Les ombres chinoises
Pantomime
Year: 1908

Two parasols twirl in the centre of a portico, held by two women dressed as Japanese, who, helped by their servants, set up a screen. The latter soon occupies the entire frame of the image. It's then that the shadow plays begins. Objects and various characters appear and transform: an elephant, a sugar tong, a clown... For this short, Segundo de Chomón called upon his wife, Julienne Mathieu, who plays the role of one of the Japanese women.
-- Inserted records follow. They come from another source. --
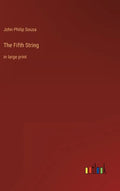 The Fifth String: in large print - Hardcover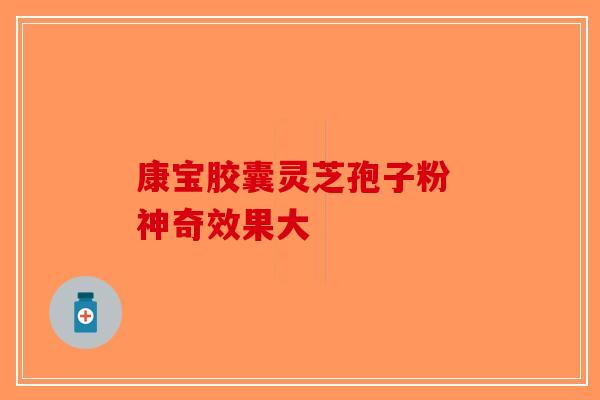 康宝胶囊灵芝孢子粉 神奇效果大-第1张图片-破壁灵芝孢子粉研究指南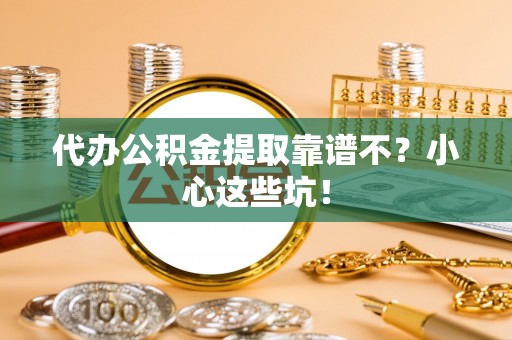营山代办公积金提取靠谱不？小心这些坑！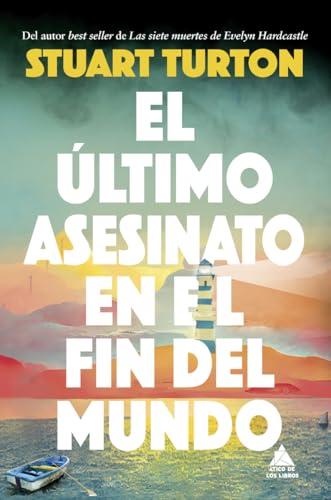 Portada de El último asesinato en el fin del mundo, de Stuart Turton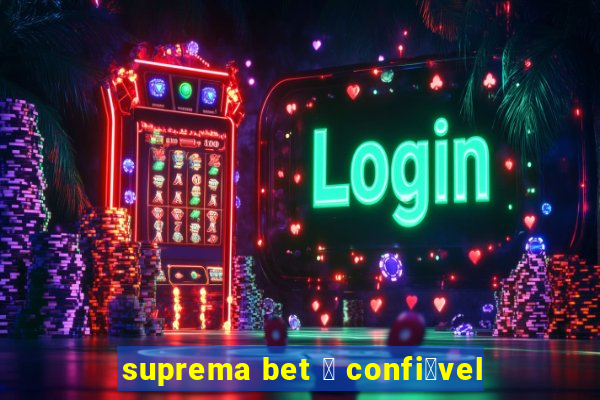 suprema bet 茅 confi谩vel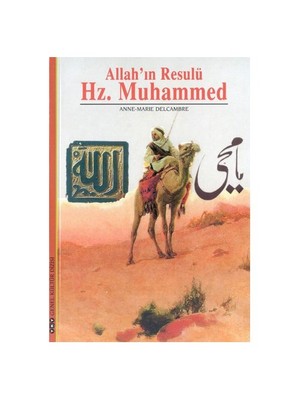 Allah’In Resulü Hz. Muhammed-Anne-Marie Delcambre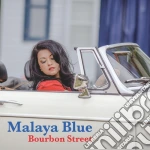 Malaya Blue - Bourbon Street cd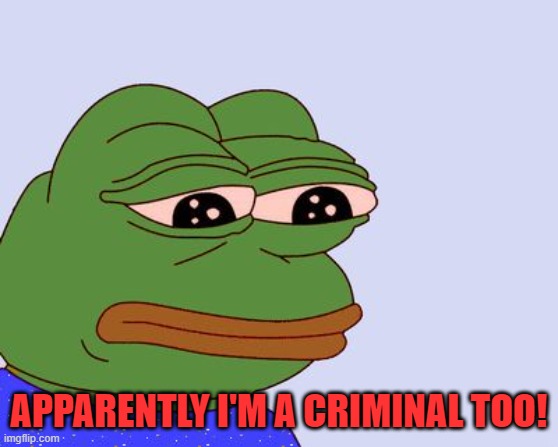 Pepe the Frog | APPARENTLY I'M A CRIMINAL TOO! | image tagged in pepe the frog | made w/ Imgflip meme maker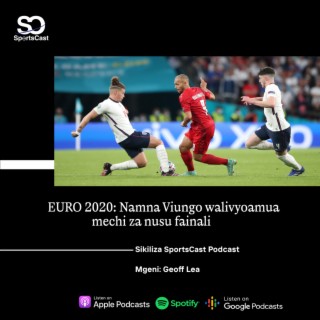 EURO 2020: Namna Viungo walivyoamua mechi za nusu fainali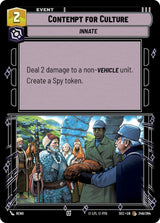 Contempt for Culture - Star Wars Unlimited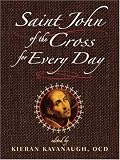  : Saint John of the Cross for Every Day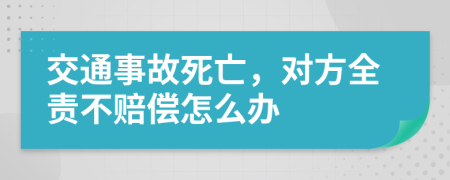 交通事故死亡，对方全责不赔偿怎么办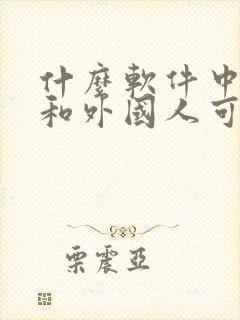 什么软件中国人和外国人可以聊天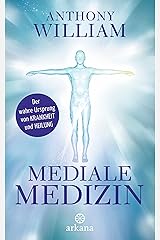 Mediale Medizin: Der wahre Ursprung von Krankheit und Heilung Kindle Ausgabe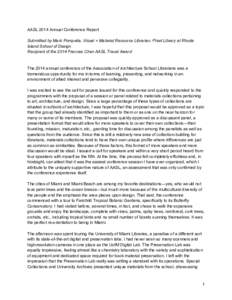 AASL 2014 Annual Conference Report Submitted by Mark Pompelia, Visual + Material Resource Librarian, Fleet Library at Rhode Island School of Design Recipient of the 2014 Frances Chen AASL Travel Award  The 2014 annual co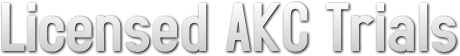 Licensed AKC Trials Licensed AKC Trials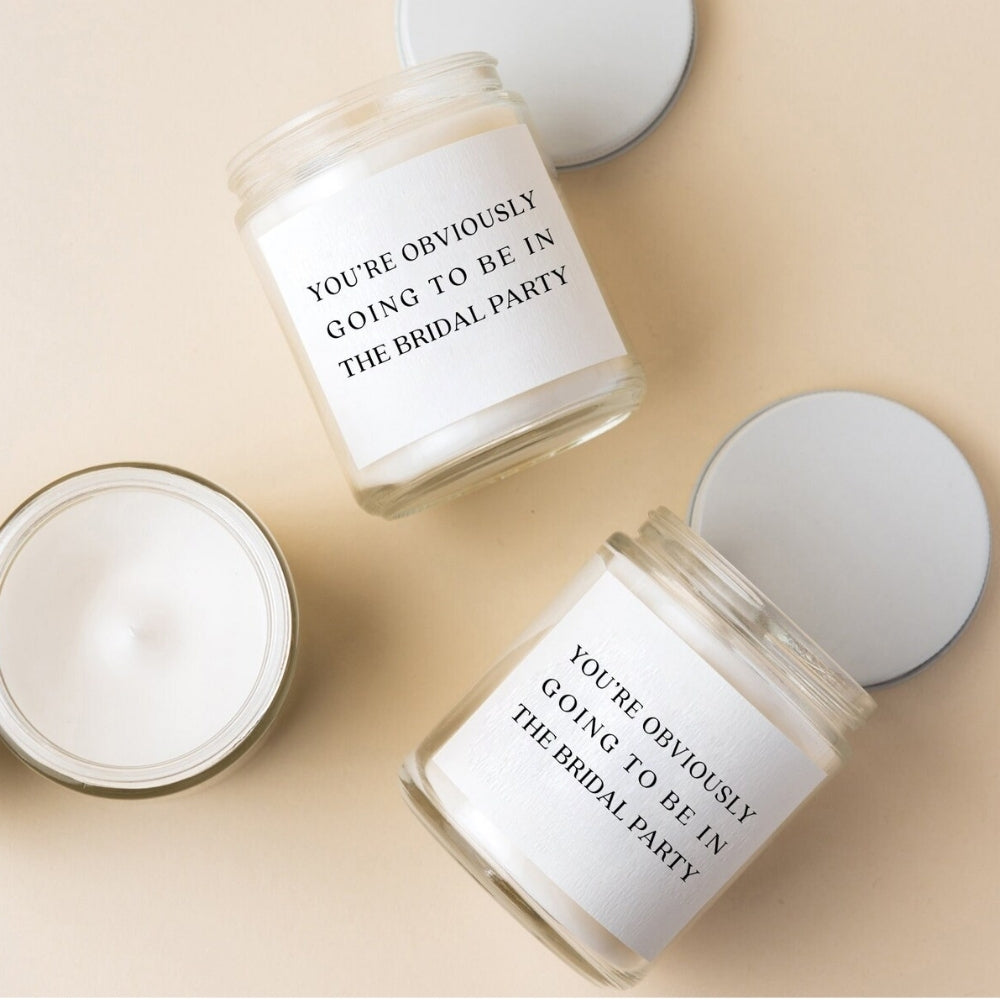 You're Obviously Going To Be In The Bridal Party Candle, Bridesmaid Proposal Candle WD0059
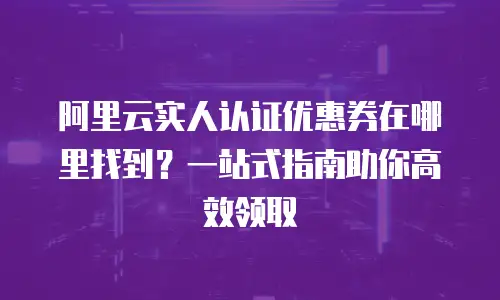 阿里云实人认证优惠券在哪里找到？一站式指南助你高效领取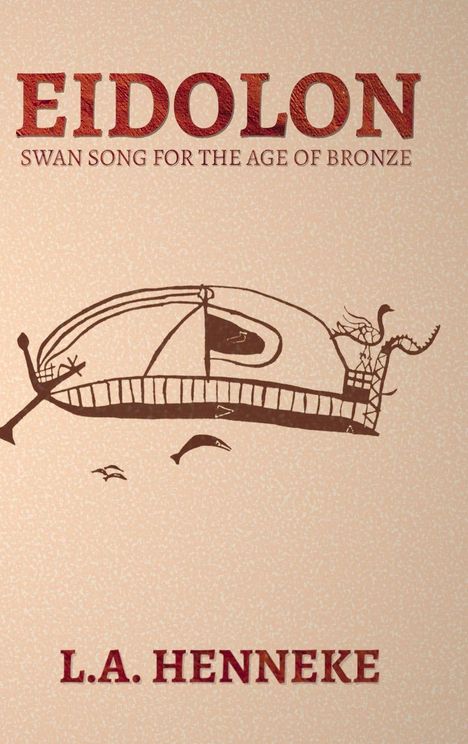 „EIDOLON: SWAN SONG FOR THE AGE OF BRONZE“ und „L.A. HENNEKE“. Gezeichnetes antikes Boot auf beigem Hintergrund.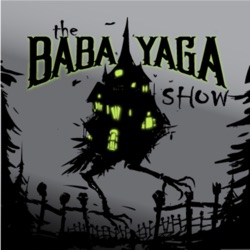 Episode 1: The Mysterious Enigma of Baba Yaga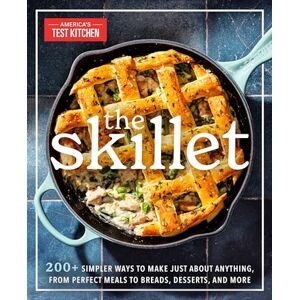 America's Test Kitchen The Skillet: 200+ Simpler Ways to Make Just About Anything, From Perfect Meals to Breads, Desserts, and More America's Test Kitchen The Skillet: 200+ Simpler Ways to Make Just About Anything, From Perfect Meals to Breads, Desserts, and More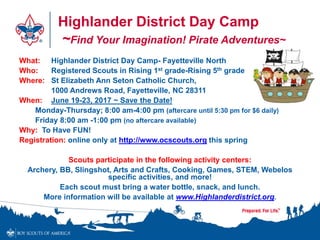 Highlander District Day Camp
~Find Your Imagination! Pirate Adventures~
What: Highlander District Day Camp- Fayetteville North
Who: Registered Scouts in Rising 1st grade-Rising 5th grade
Where: St Elizabeth Ann Seton Catholic Church,
1000 Andrews Road, Fayetteville, NC 28311
When: June 19-23, 2017 ~ Save the Date!
Monday-Thursday; 8:00 am-4:00 pm (aftercare until 5:30 pm for $6 daily)
Friday 8:00 am -1:00 pm (no aftercare available)
Why: To Have FUN!
Registration: online only at http://www.ocscouts.org this spring
Scouts participate in the following activity centers:
Archery, BB, Slingshot, Arts and Crafts, Cooking, Games, STEM, Webelos
specific activities, and more!
Each scout must bring a water bottle, snack, and lunch.
More information will be available at www.Highlanderdistrict.org.
 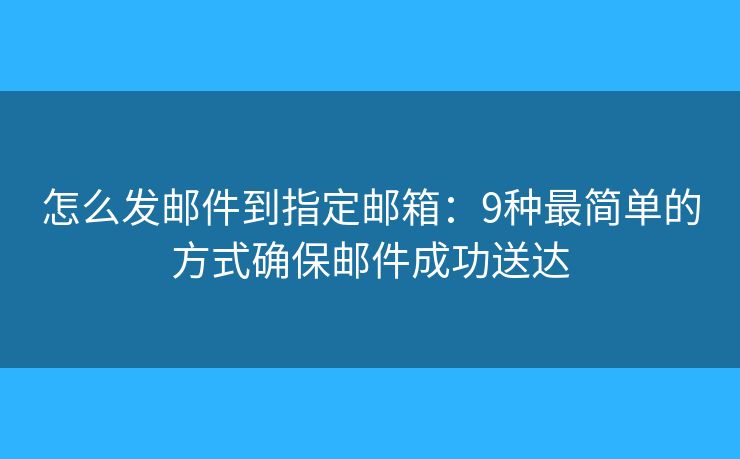 怎么发邮件到指定邮箱：9种最简单的方式确保邮件成功送达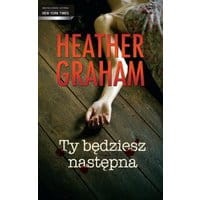 Ty będziesz następna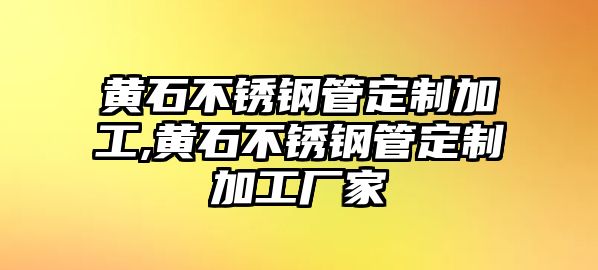 黃石不銹鋼管定制加工,黃石不銹鋼管定制加工廠家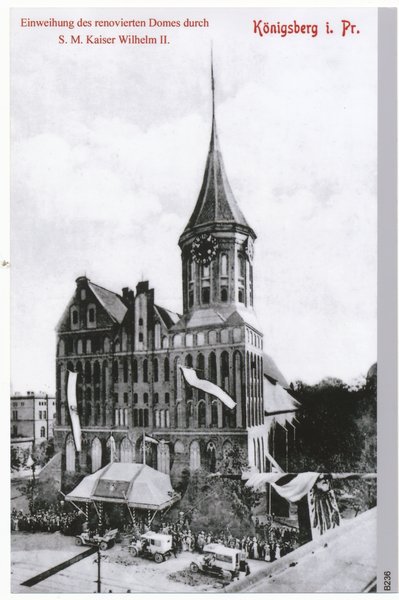 Königsberg (Pr.), Dom Einweihung nach Renovierung durch Kaiser Wilhelm II
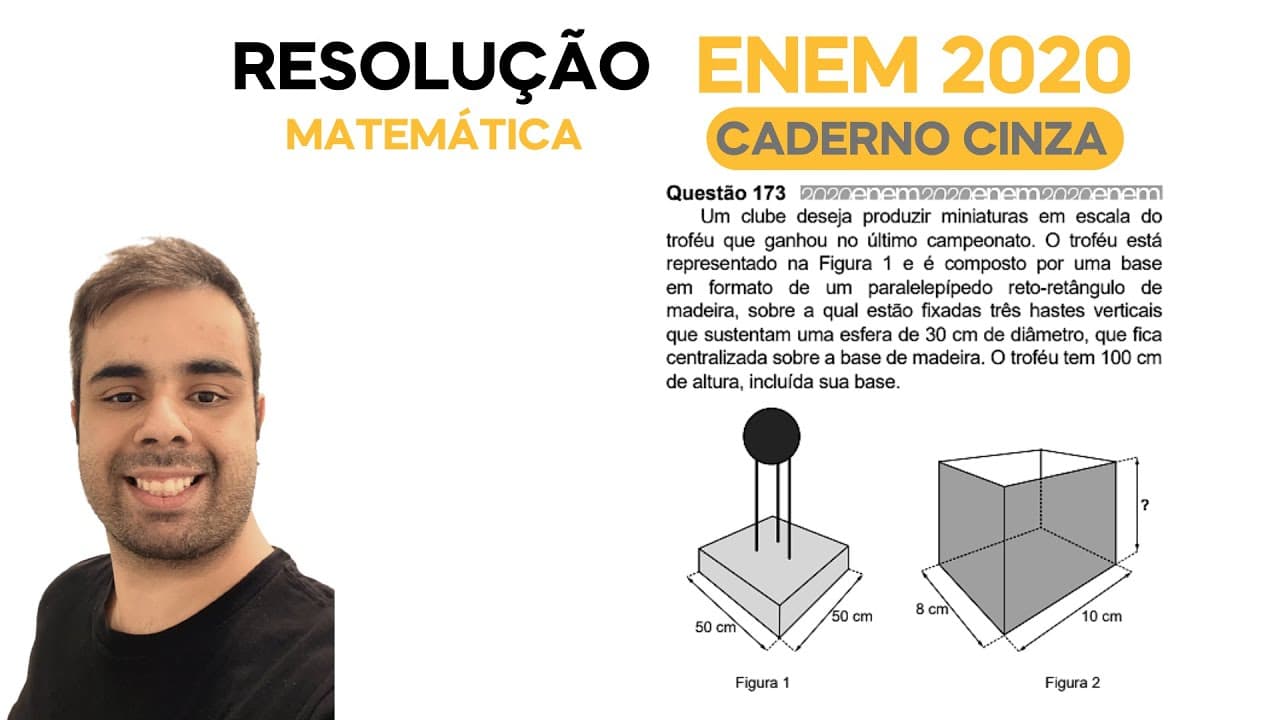 Thumbnail: ENEM 2020 \ MATEMÁTICA - Questão 173, CADERNO CINZA – Um clube deseja produzir miniaturas em escala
Director: Segundo de CHOMON
Nationality: French
Actor: Julienne Mathieu
Length: 3' 27"
Genre: trick film
Sound: silent with soundtrack
Original elements: black & white
Producer: Pathé Frères
Composer: Julien Carton
Original language: French

A BRIEF HISTORY : Les ombres chinoises

Year : 1908

Often, the name of Segundo de Chomón (1871-1929) is associated with that of Georges Méliès (1861-1938). If he is less known than his illustrious rival, the Spanish filmmaker has nonetheless little to envy in him in terms of creativity and inventiveness when it comes to special effects. It is in 1905 that Segundo de Chomón is hired by Pathé Frères, and put in charge of special-effects films to compete with Méliès. During the years 1908 and 1909, which are particularly prolific, Segundo de Chomón makes his best special-effects films, among the some 150 which he made for Pathé between 1905 and 1909.

 

In Les Ombres chinoises, Chomón adapts to the screen an ancestral show, of eastern origin, the "shadow play". Popularised in France by Séraphin (1747-1800) to amuse the royal family, this art was highly fashionable at the turn of the 20th century in Parisian cabarets, like Le Chat noir in Montmartre.

 

The film is presented here in an abbreviated version. On the second screen, set up by the female presenters, was to appear, in the original version, the shadows of gymnasts performing acrobatic exercises. Thus, Chomón proposed a foreshadowing of what was to become the technique of transparency: the characters are filmed in front of a frosted screen, which receives a back-projected image (for example, a landscape which parades by behind a character at the steering wheel). 

 

One of the Japanese women is played by Julienne Mathieu (1874-?), Chomón's wife, present in several films of the Pathé period. The couple met in Paris around 1895. Coming from an artists' family, Julienne was an operetta singer and actress. She took charge of illumination studio, run Mme Thuillier, who coloured Georges Méliès' films, ushering her husband into the new world of motion pictures. Thanks to her, Chomón discovered and perfected the art of the colouring - he even, perhaps, collaborated in the creation of the mechanical process of film colouration called Pathécolour.

 

The original music for this film was composed in 2011 by Julien Carton in the context of the partnership with the CNSMDP (Paris Conservatory of Dance and Music).